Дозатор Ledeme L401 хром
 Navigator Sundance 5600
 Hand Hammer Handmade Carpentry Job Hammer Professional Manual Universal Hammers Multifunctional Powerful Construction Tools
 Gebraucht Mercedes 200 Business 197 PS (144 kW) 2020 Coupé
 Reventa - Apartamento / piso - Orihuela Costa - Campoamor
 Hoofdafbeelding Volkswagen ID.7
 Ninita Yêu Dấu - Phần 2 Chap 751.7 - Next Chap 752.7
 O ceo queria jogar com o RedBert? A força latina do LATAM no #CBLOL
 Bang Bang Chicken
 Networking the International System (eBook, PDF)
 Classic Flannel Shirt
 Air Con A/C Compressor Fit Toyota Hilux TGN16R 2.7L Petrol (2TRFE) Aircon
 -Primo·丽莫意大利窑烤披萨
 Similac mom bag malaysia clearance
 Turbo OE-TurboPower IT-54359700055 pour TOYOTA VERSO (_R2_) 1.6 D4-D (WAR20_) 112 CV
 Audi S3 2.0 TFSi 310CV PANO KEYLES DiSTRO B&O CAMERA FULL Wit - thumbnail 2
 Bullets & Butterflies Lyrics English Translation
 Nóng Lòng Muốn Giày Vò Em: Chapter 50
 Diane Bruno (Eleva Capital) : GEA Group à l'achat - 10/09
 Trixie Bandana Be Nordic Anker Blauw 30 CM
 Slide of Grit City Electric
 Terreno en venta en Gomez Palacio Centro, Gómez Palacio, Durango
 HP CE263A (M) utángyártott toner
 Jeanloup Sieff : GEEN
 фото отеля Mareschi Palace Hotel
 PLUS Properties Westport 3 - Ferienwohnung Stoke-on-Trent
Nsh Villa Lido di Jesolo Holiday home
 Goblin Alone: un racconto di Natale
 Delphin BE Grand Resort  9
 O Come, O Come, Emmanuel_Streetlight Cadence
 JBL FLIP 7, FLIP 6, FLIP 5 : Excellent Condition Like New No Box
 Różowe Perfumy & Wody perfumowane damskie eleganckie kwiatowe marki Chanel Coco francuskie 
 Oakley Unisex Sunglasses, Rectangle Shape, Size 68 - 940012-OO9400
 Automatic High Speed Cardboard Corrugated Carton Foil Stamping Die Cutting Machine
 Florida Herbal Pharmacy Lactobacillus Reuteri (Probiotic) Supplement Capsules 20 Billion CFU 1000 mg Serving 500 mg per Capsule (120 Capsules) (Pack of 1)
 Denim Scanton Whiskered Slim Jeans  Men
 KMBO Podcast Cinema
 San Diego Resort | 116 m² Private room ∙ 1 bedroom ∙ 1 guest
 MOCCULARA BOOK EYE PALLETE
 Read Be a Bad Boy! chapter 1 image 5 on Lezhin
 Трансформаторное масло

WORK INSTRUCTIONS:
From the listing above, repeat exactly the lines starting at the line that includes "Jeanloup Sieff : GEEN" and ending at the line that includes "Denim Scanton Whiskered", with nothing outside that span.

WRITTEN SOLUTION:
 Jeanloup Sieff : GEEN
 фото отеля Mareschi Palace Hotel
 PLUS Properties Westport 3 - Ferienwohnung Stoke-on-Trent
Nsh Villa Lido di Jesolo Holiday home
 Goblin Alone: un racconto di Natale
 Delphin BE Grand Resort  9
 O Come, O Come, Emmanuel_Streetlight Cadence
 JBL FLIP 7, FLIP 6, FLIP 5 : Excellent Condition Like New No Box
 Różowe Perfumy & Wody perfumowane damskie eleganckie kwiatowe marki Chanel Coco francuskie 
 Oakley Unisex Sunglasses, Rectangle Shape, Size 68 - 940012-OO9400
 Automatic High Speed Cardboard Corrugated Carton Foil Stamping Die Cutting Machine
 Florida Herbal Pharmacy Lactobacillus Reuteri (Probiotic) Supplement Capsules 20 Billion CFU 1000 mg Serving 500 mg per Capsule (120 Capsules) (Pack of 1)
 Denim Scanton Whiskered Slim Jeans  Men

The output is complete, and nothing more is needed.